Brexit on Welsh trade inquiry launched
6 March 2020
The Welsh Affairs Committee has launched an inquiry that will look into the implications of the UK-EU trade negotiations for Wales.
Wales is more reliant than the UK as a whole on the European Union as a destination for its exports. The UK government has opened negotiations with the European Union over the future trading relationship that will begin following the end of the transition period on 31st December 2020.
Customs practices will change as a result, the extent to which remains subject to negotiation.
The Inquiry will examine the key priorities for Wales in the trade negotiations and will look at the implications of a deal, along the lines proposed by the UK Government, or no deal on Welsh businesses and Wales-EU trade flows.
The inquiry will also assess the effects of the Northern Ireland protocol on intra-UK trade, including whether additional capacity is required at Welsh ports. Outside of the EU, this inquiry will examine the opportunities, and priorities, for Wales in trade negotiations with countries such as the USA, Australia and New Zealand.
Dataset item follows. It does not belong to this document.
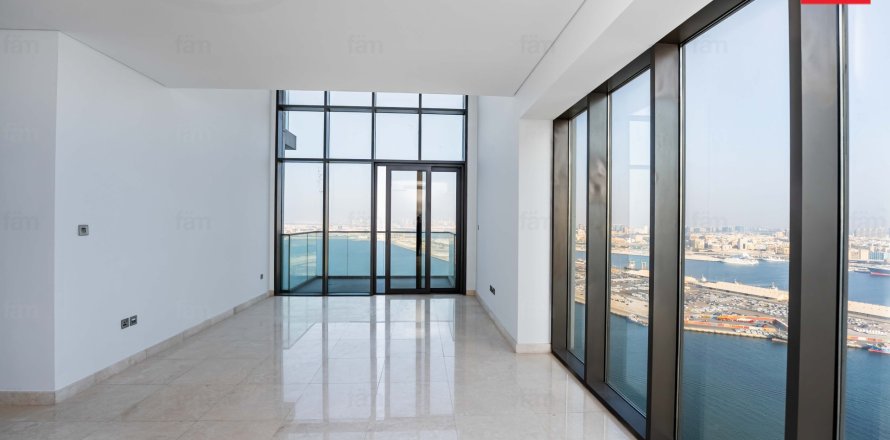 Квартира в Дубае, 3 спальни, 175.5м², № 60203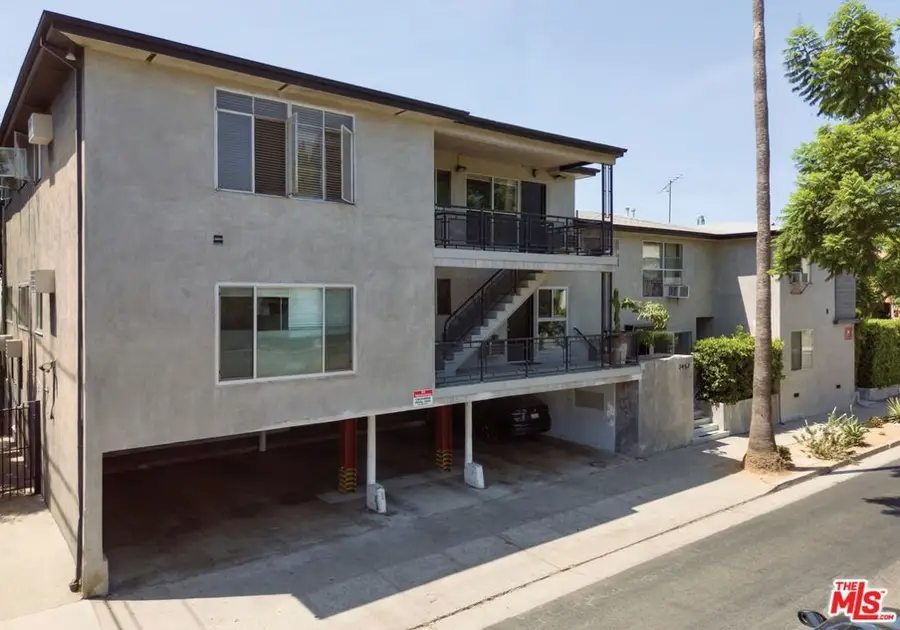 7452 Romaine Street, West Hollywood, CA 90046 - #3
The Rt Hon Stephen Crabb MP, Chair of the Welsh Affairs Committee said: “The needs of Welsh businesses and consumers need to be given the priority they deserve now that the UK's trade negotiations with the EU are underway.
The Committee wants to hear from businesses and trade groups across Wales to learn what their priorities are during these negotiations, and to gauge the opportunities, and challenges, that exist for Wales as the UK embarks on an independent trade policy.”
Terms of reference
The Committee seeks written evidence submissions addressing the following:
- What are Wales' priorities for future trade relations with the EU, and what are the implications of any future UK-EU trade and customs arrangements for Wales?
- Following the UK's withdrawal from the EU, what opportunities will there be for Wales in trade negotiations with non-EU countries, and how should the most important areas to the Welsh economy be represented in different trade models?
- How will the revised Northern Ireland Protocol affect the access of goods to and from Wales as part of the UK internal market, including customs checks, processes and declarations?
- What additional capacity is required at Wales' ports to manage checks and customs arrangements for GB-NI trade after the implementation period?
- What benefits could freeports bring to Wales as part of the UK's post-Brexit trade strategy?
- How will any future trading models affect agricultural trade in Wales, including the level of trade, tariffs and export of Welsh food and drink?
- What role, if any, should the devolved administrations play in UK trade policy and how can key Welsh interests be best reflected in the UK's trade priorities and future negotiating strategies?
Submissions should be sent, via the Committee's website, by 20 April 2020.